* Stored data entries
##########

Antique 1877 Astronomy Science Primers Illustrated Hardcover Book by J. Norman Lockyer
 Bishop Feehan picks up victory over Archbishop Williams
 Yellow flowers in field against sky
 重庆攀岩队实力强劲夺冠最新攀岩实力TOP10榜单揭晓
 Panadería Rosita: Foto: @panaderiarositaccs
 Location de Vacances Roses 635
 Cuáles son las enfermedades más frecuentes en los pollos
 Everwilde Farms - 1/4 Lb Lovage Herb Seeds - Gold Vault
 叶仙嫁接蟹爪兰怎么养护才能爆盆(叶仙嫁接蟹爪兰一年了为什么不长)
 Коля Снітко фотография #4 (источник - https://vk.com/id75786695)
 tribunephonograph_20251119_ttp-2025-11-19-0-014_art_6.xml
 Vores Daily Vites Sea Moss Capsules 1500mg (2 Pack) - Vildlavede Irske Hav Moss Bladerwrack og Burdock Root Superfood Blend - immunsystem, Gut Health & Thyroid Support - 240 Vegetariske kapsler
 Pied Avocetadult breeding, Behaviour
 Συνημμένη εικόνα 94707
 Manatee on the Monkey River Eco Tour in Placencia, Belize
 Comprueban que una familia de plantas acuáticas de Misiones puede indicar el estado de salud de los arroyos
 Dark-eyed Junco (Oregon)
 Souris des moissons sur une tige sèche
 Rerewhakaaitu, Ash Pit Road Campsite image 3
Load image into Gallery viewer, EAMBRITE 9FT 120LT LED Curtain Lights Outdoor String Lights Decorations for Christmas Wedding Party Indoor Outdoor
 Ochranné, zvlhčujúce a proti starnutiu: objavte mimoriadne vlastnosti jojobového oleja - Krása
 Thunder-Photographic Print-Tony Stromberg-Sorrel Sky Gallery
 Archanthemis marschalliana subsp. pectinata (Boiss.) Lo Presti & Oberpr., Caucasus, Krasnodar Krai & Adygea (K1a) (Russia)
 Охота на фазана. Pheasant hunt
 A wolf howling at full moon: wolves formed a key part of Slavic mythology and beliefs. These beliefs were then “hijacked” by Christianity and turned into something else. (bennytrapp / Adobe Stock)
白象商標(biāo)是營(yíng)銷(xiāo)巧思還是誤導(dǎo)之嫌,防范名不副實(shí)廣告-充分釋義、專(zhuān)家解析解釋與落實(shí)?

##########

* Work to be completed
Whenever the word "into" occurs in a line of the records, that line counts once; state the total alone.

* Problem solution
2